**WORK ORDER:**
Using the line with "YASHE Stainless Steel" as your starting point, transcribe it and each line beneath it word for word until the records run out, without pictures.

**INFORMATION SHOWN:**

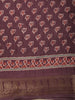 Deep Plum Purple Floral Butta Printed Design Mixed Cotton Saree
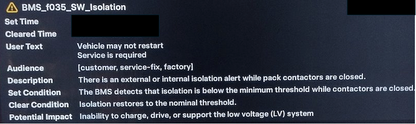 Tesla "BMS_w035" alert clear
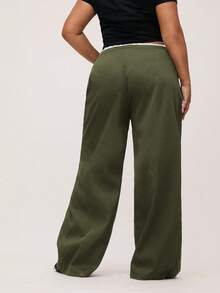 SHEIN BASICS Plus Size Casual Contrast Color Woven Wide Leg Pants With Pockets Fall - Army Green - View 2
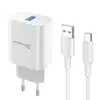 Kucni punjac KONFULON Joko C87 3A sa kablom USB na Type-C beli 1m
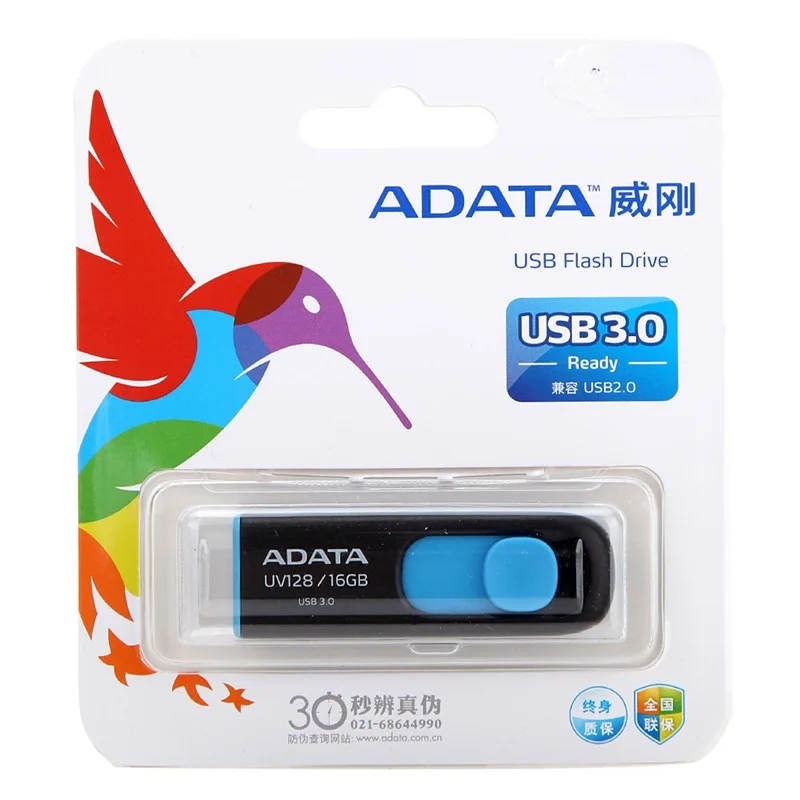 Абсолютно новая мода ADATA UV128 высокоскоростной флеш накопитель USB 3 0 64GB 32GB 16GB Memory Stick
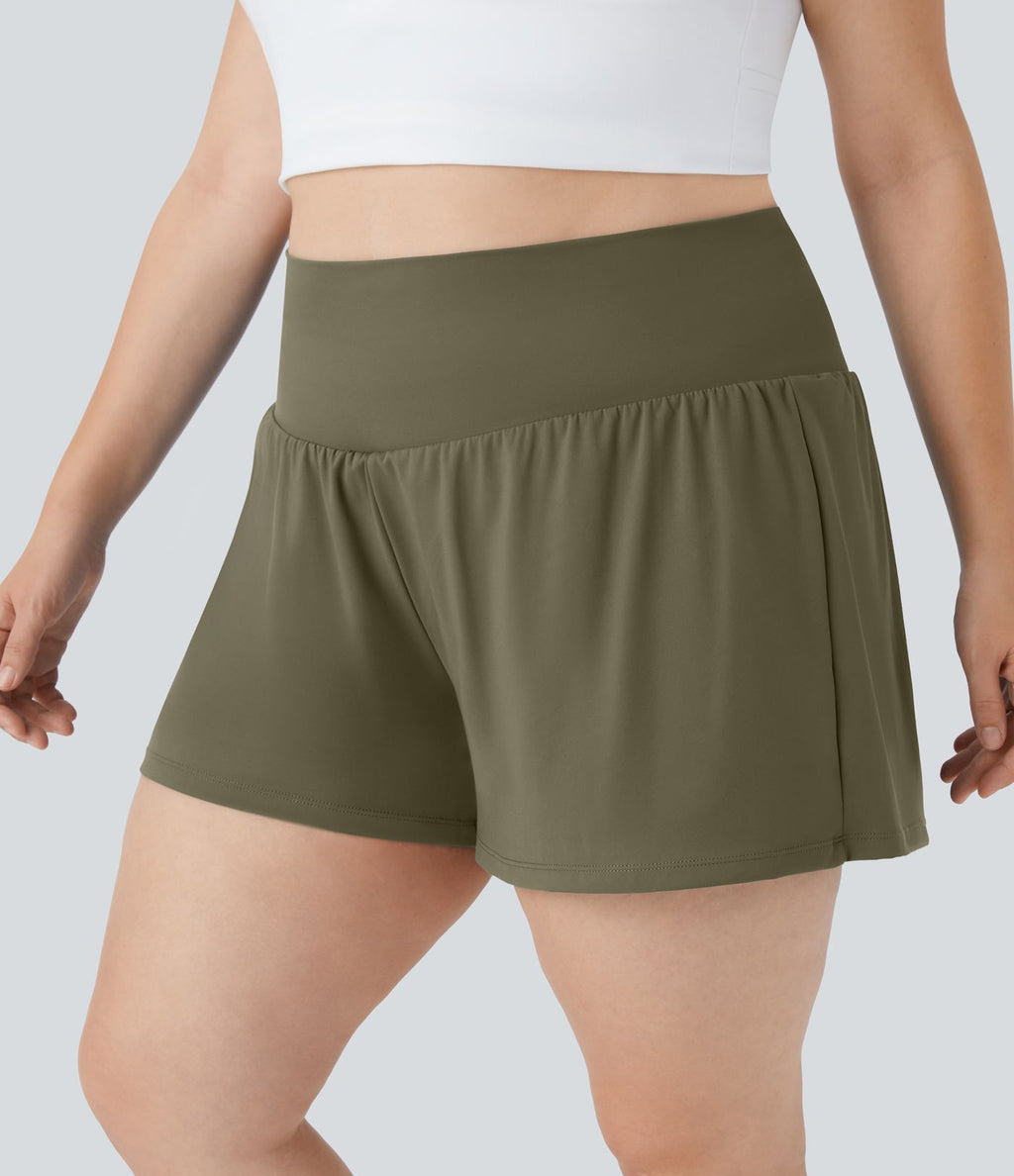 Short Yoga 10cm Plus Longue Taille Ultra Haute 2 en 1 Poche Arrière Poche Cachée Latérale Grande Taille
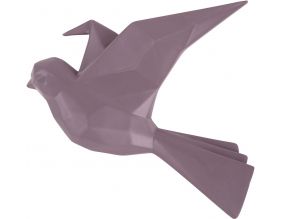 Oiseau fixation murale en résine violet mat origami (Petit modèle)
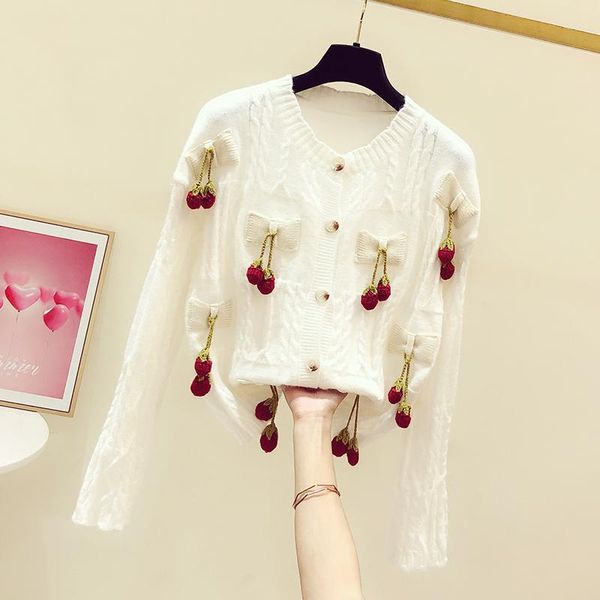 sweet retro chic loose embroidery long sleeve knitting sweater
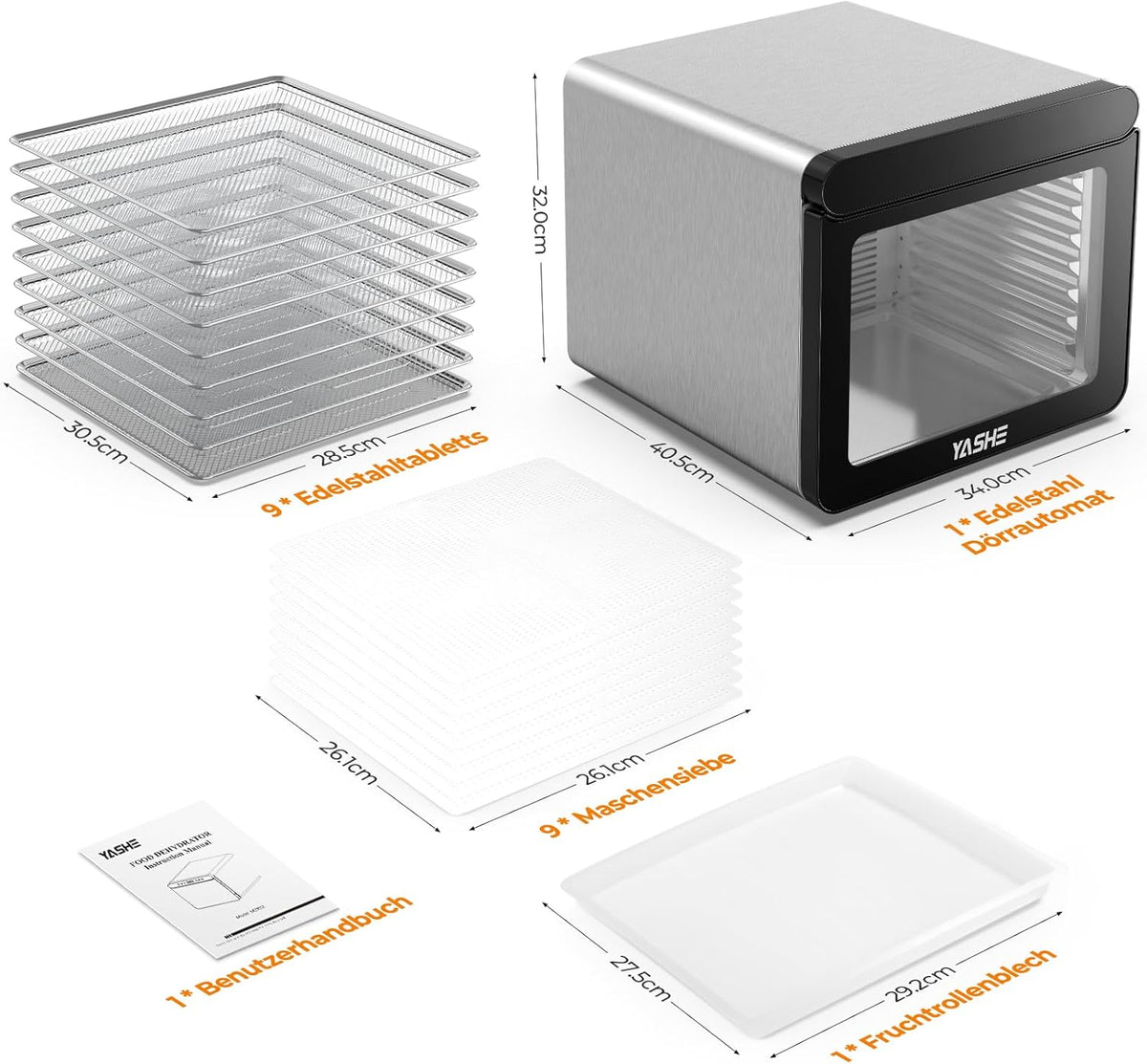 YASHE Stainless Steel Dehydrator with Digital Control (Temperature up to 75°C, Timer up to 48 Hours), 9 Trays Dehydrator for Fruit and Vegetables, Rear Fan for 360° Air Circulation, 800 W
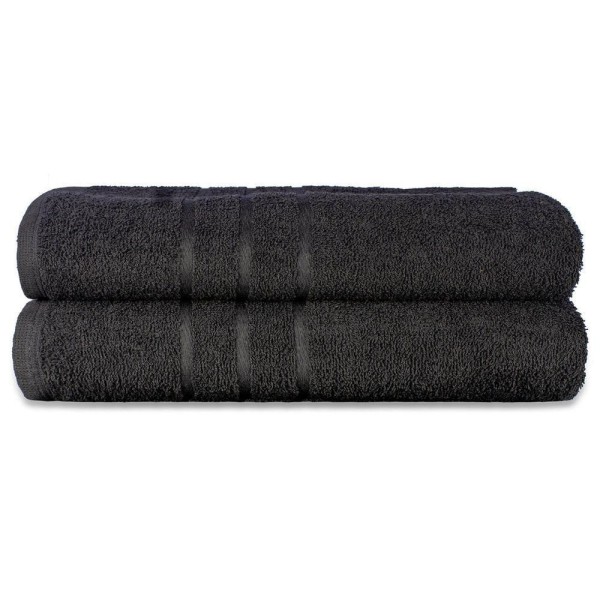 Encontraproduto.com.br - Kit Com 2 Toalhas De Banho Para Hotel - Profissional Prata - Preto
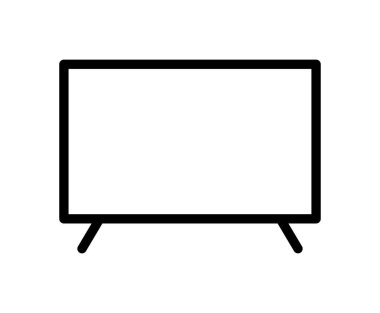 Bu resim, dijital dizaynlar, sunumlar veya ev eğlencesi ve teknolojisiyle ilgili şablonlar için mükemmel olan modern bir televizyon setinin minimalist bir taslağını içerir..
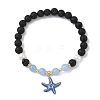 Brass Enamel Starfish Charm Bracelets BJEW-JB12330-2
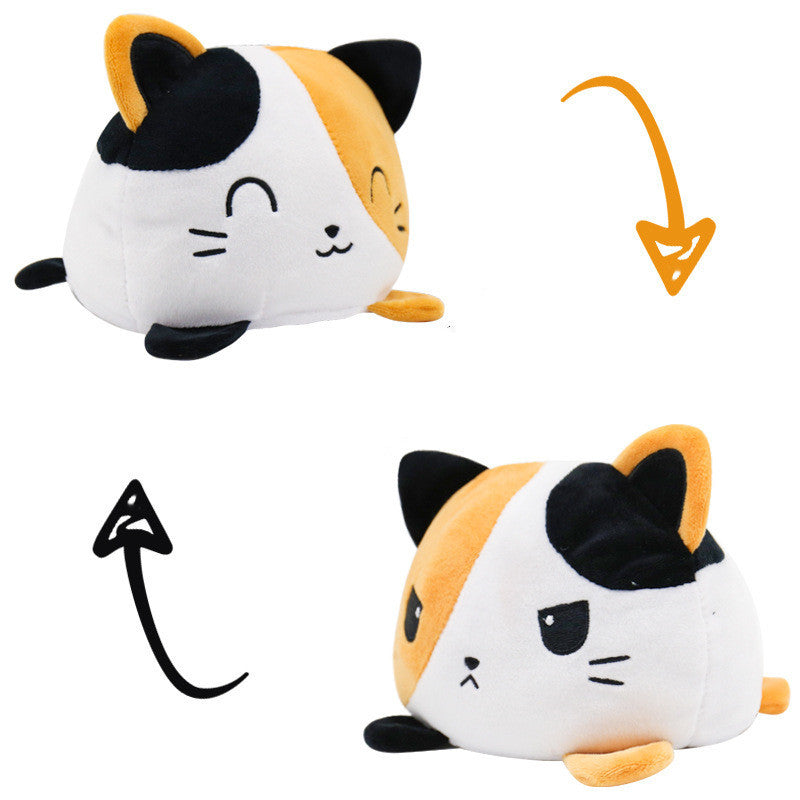 Plushiverse: Reversible Plushie 4in - Cat [Happy + Angry] [Calico] | Odin's Place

**RESPONSE BOX:**
 YASHE Stainless Steel Dehydrator with Digital Control (Temperature up to 75°C, Timer up to 48 Hours), 9 Trays Dehydrator for Fruit and Vegetables, Rear Fan for 360° Air Circulation, 800 W
 Encontraproduto.com.br - Kit Com 2 Toalhas De Banho Para Hotel - Profissional Prata - Preto
 Bu resim, dijital dizaynlar, sunumlar veya ev eğlencesi ve teknolojisiyle ilgili şablonlar için mükemmel olan modern bir televizyon setinin minimalist bir taslağını içerir..
 Brass Enamel Starfish Charm Bracelets BJEW-JB12330-2
 Plushiverse: Reversible Plushie 4in - Cat [Happy + Angry] [Calico] | Odin's Place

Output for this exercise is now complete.